RIYADH, Saudi Arabia – 19 December. A new IEF report, A Critical Minerals Enabled Energy Future, highlights how critical minerals have moved from the margins to the mainstream, underpinning the technologies driving growth, competitiveness, and decarbonisation. As demand accelerates and supply chains remain highly concentrated, critical minerals are emerging as a new frontier in energy geoeconomics, reshaping trade flows, investment priorities, energy security, and producer consumer relations.

The report examines the scale of the challenge and identifies pathways to strengthen resilience, including diversified supply, recycling and circular economy solutions, innovation, and crucially, more transparent, predictable, and rules-based markets. It also shows how sustained producer-consumer dialogue, underpinned by better data and shared analysis, can ease frictions, build market confidence, and support fair and inclusive outcomes by improving predictability and reducing uncertainty.

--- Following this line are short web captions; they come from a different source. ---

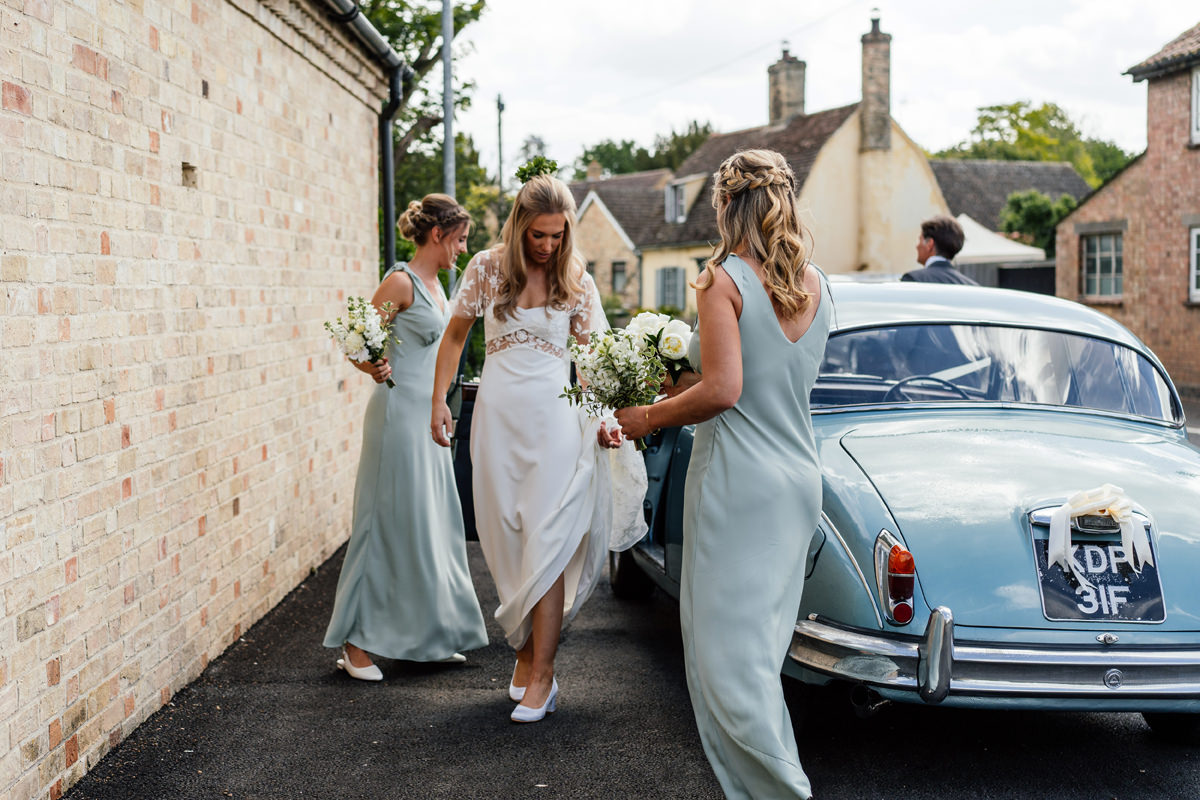 Bride arrives at church in a vintage blue jaguar car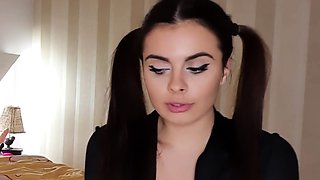 Busty babe playing with her big boobs
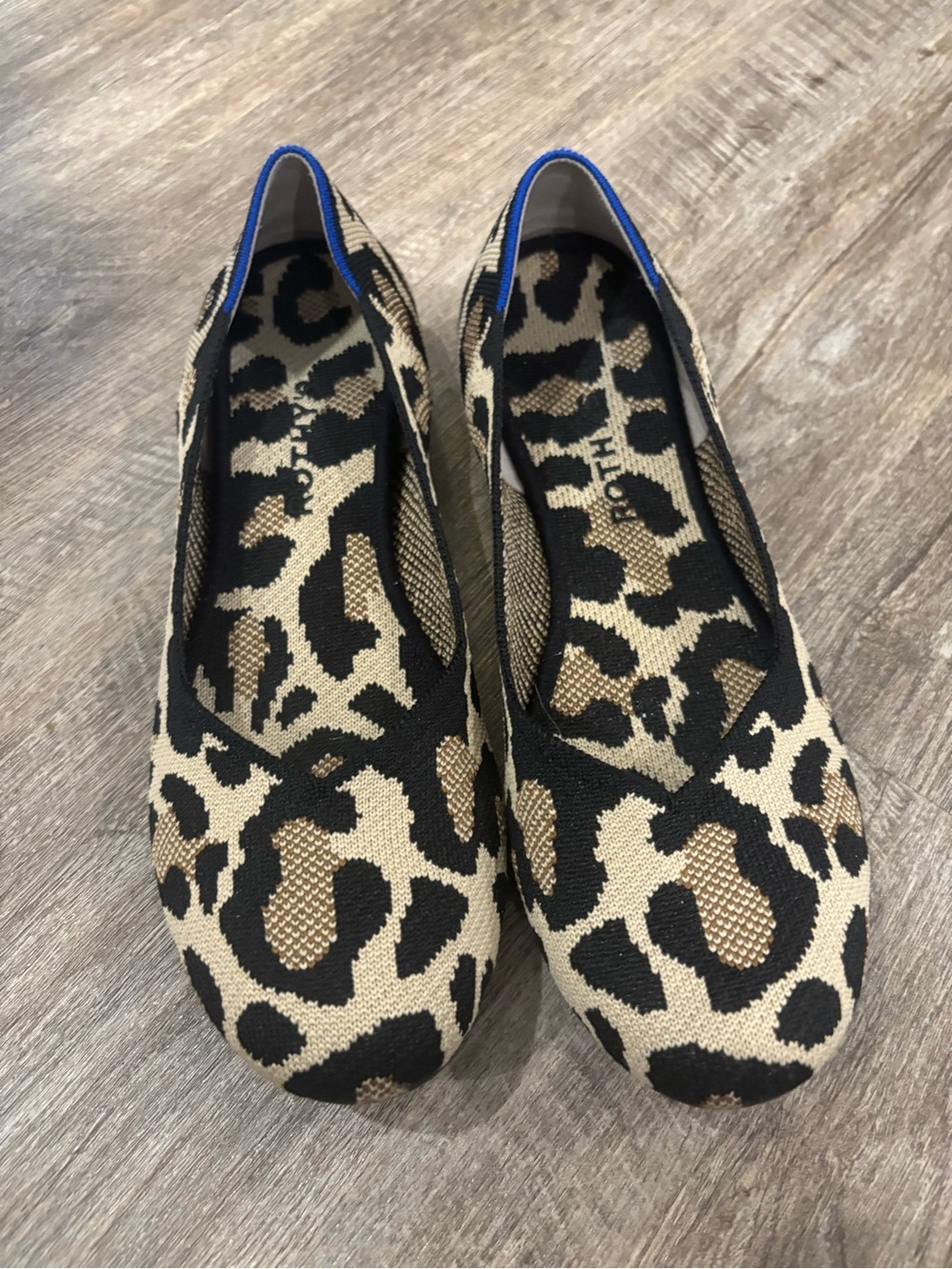 Rothy’s flat in camo cat size 10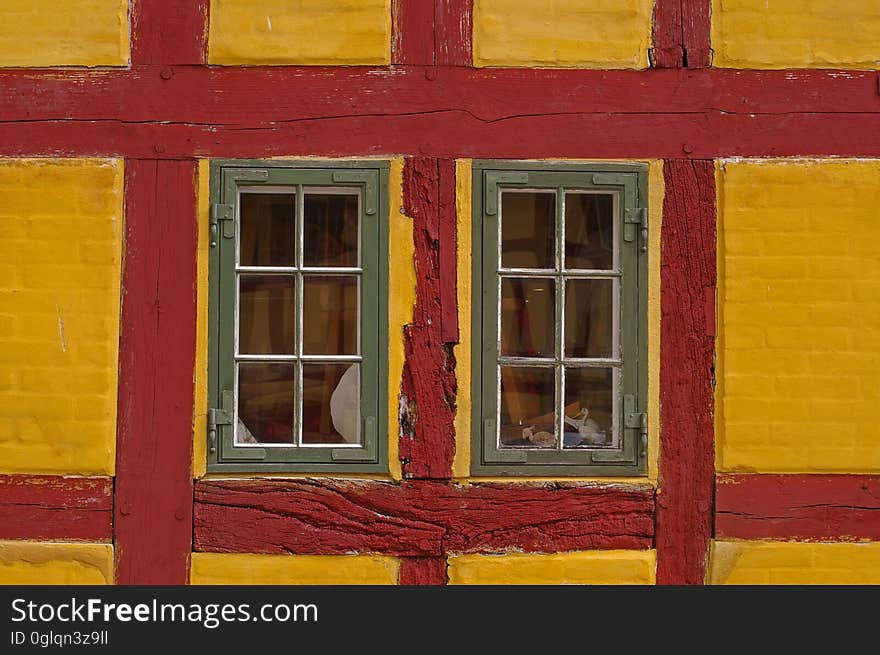 Windows with green frame in red and yellow painted brick building. Windows with green frame in red and yellow painted brick building.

"Critical minerals are no longer a niche issue at the margins of the energy transition," said Jassim Alshirawi, Secretary General of the International Energy Forum. "They are now central to energy security, economic competitiveness, and the credibility of national climate strategies. Without secure, transparent, and resilient mineral supply chains, the energy transition itself is at risk."

Key findings include:

  • Access to knowledge and human resources are as critical to mineral supply chains as access to resources and markets themselves.
  • More than 60% of global critical mineral demand is met through international trade, creating deep interdependence between producing and consuming regions.
  • Producer–consumer dialogue is essential to the reliable functioning of critical mineral markets.
  • Artificial intelligence (AI) is transforming mineral exploration by dramatically improving discovery efficiency and precision.
  • Market resilience, strengthened through producer–consumer dialogue and effective risk-management strategies, remains essential for critical-mineral market security.